I have a 2017 Toro Personal Pace mower with the above engine. Someone had tossed this mower since it needed a new carb. I brought it back to life but on my initial checks it barely had any oil. It worked for a while but now has almost no compression.

I'm trying to find a replacement engine for it since its a good mower if they can be had for a good price. What I found so far is that I can replace it with a 104M02-0180-F1 but can't find any specs as far as shaft size etc for these. 

Anyone here happen toi have access to spec sheets for either one of these two engines?


----------



## atxjax (Mar 30, 2020)

So far I took measurements of my engine. 

25mm
3 5/32 length shaft
3/16 keyway
Tapped 7/16 20


----------



## paulr44 (Oct 14, 2008)

Here you go.


----------



## atxjax (Mar 30, 2020)

I purchased a Kohler with same specs.
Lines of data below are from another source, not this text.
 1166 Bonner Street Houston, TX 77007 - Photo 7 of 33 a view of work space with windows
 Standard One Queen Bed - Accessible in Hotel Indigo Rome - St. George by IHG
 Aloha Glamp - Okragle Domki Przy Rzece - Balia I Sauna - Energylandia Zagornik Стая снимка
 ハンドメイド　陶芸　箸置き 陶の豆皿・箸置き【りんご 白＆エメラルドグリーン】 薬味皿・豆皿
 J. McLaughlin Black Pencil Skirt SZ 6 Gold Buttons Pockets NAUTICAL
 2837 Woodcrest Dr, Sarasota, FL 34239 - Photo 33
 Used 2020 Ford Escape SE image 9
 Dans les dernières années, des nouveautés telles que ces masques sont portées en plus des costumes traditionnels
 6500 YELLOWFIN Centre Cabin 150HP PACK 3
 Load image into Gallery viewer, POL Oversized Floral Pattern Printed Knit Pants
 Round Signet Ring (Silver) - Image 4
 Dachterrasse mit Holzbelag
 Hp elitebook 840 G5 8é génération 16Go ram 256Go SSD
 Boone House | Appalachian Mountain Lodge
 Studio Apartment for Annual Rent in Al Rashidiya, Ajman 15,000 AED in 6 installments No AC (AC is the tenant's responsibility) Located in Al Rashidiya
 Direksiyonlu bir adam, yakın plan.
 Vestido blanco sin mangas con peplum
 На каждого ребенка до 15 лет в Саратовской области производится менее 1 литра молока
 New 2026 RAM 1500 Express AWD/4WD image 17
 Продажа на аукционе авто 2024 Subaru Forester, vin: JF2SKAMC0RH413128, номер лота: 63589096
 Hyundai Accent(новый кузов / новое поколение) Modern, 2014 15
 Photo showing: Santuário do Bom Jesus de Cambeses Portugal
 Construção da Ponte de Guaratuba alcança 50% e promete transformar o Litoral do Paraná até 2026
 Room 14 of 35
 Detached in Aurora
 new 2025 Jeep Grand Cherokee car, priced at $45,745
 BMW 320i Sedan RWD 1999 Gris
Will be here this weekend


----------



## atxjax (Mar 30, 2020)

New Kohler fit right in with no issues. Only thing I had to do was tap the mount holes to 3/8-16. Everything else fit on just like it came off. 

Put in some 4 cycle 10W-30 and some fresh 93 octane and fired up on first pull. I appreciate all your guys input.


----------



## kmatthews4ever (May 19, 2020)

atxjax said:


> I purchased a Kohler with same specs. Will be here this weekend


Where you get the engine ? Also cost and shipping


----------



## atxjax (Mar 30, 2020)

kmatthews4ever said:


> Where you get the engine ? Also cost and shipping


Small engine warehouse. engine was on clearance special for like 89 or something like that. Shipping was $31. That and tax. My total was 129.89 shipped to my door


----------